En el caso estadounidense, ya en diciembre de 2017 Donald Trump firmó la orden presidencial para que la NASA pudiera llevar nuevamente astronautas a la Luna, tras el arranque del programa Artemis en 2010. El altísimo coste (estimado inicialmente en unos 135.000 millones de dólares) llevó a explorar las posibilidades de colaboración con empresas privadas que ya estaban entrando en ese sector de actividad, y de ahí ha salido esta primera misión conjunta entre la propia NASA y SpaceX. Para llegar a este punto, en mayo del pasado año la NASA recibió un aporte adicional de 1.600 millones de dólares, añadidos a su presupuesto anual de 10.700 millones. Con este nuevo impulso se hace más factible que, efectivamente, EEUU pueda volver a pisar nuestro satélite en 2024 (no lo hace desde el final del programa Apolo, en 1972), y contar con una estación espacial lunar en 2028. Entretanto, el nuevo cohete SLS –el más potente en toda la historia espacial estadounidense– y la nueva cápsula Orion van completando sus pruebas hasta el lanzamiento de la primera misión, prevista en principio para 2021.
Por su parte, China es quien parece haber alimentado más que ningún otro ese afán espacial, con su programa Chang’e (2007). Si ya en enero de 2019 fue el primero que alunizó en la cara oculta de la Luna, el pasado día 5 lanzó un cohete Changzheng 5 (Larga Marcha 5B), con un prototipo de nave espacial no tripulada que logró entrar en órbita, y que debe servir para futuros viajes a la Luna y para instalar su futura estación espacial Tiangong (Palacio Celestial), que espera tener ensamblada para 2022. Como colofón a sus planes lunares, Pekín ya ha dado a conocer su intención de contar allí con una colonia permanente en 2030; mientras que este mismo año espera lanzar una sonda que debe aterrizar en el suelo de Marte.
Mientras poco se sabe actualmente de planes similares por parte de la Unión Europea, Rusia planea lanzar en octubre de 2021 la nave espacial Luna-25 para estudiar el suelo lunar, tras un paréntesis de 45 años. A eso le seguirá el alunizaje de cosmonautas en 2035 y la creación de una base lunar en 2040.

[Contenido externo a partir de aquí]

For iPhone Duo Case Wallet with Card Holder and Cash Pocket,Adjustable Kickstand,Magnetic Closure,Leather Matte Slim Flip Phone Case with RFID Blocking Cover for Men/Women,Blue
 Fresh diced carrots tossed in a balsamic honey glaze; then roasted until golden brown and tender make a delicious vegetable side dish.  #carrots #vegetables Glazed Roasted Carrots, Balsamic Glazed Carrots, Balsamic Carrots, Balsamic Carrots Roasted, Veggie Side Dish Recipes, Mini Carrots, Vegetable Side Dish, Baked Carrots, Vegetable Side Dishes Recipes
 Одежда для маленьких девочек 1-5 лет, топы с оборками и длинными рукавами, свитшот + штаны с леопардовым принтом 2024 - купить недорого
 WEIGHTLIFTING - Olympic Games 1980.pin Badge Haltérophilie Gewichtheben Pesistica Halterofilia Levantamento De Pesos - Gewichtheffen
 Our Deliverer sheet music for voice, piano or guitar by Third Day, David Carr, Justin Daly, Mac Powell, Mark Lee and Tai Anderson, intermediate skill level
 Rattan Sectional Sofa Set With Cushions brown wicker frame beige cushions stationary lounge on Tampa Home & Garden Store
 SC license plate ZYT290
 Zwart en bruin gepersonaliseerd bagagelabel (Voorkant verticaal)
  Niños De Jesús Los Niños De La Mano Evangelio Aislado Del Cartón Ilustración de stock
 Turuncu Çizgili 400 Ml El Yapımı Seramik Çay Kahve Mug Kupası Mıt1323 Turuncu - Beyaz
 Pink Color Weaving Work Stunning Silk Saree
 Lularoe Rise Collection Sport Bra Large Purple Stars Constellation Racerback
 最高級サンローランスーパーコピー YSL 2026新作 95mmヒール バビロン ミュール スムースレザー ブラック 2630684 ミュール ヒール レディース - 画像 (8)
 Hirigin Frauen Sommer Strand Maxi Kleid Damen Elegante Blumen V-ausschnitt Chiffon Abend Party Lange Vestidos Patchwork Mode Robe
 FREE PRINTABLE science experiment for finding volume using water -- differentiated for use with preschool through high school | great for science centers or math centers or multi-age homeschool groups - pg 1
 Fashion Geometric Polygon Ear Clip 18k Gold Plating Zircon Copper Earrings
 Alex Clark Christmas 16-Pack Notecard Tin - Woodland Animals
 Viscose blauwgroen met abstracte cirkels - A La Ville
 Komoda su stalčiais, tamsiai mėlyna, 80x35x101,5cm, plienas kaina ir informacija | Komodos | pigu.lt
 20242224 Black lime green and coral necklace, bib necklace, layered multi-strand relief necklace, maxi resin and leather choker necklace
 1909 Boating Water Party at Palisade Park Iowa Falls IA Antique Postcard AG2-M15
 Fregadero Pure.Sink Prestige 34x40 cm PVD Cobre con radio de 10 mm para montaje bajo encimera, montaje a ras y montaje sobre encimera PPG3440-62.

En paralelo, queda por ver cuál será el desarrollo de la iniciativa de la administración Trump, conocida como Artemis Accords. En esencia pretende negociar con algunos Estados como Canadá, Emiratos Árabes Unidos, Francia, Reino Unido y Japón un acuerdo para desarrollar actividades mineras en el suelo lunar. Es evidente que Washington aspira a tomar ventaja en la competencia con China, pero no resulta nada fácil que pueda contar con su apoyo y el de otros países como Rusia que no está entre los implicados en la iniciativa estadounidense para ir más allá de lo que determina el Tratado del Espacio Exterior de 1967, permitiendo la fijación de “zonas seguras” en cada potencial explotación, con el objetivo formal de evitar fricciones entre competidores, pero que apenas esconde el intento de imponer la soberanía nacional en nuestro satélite común.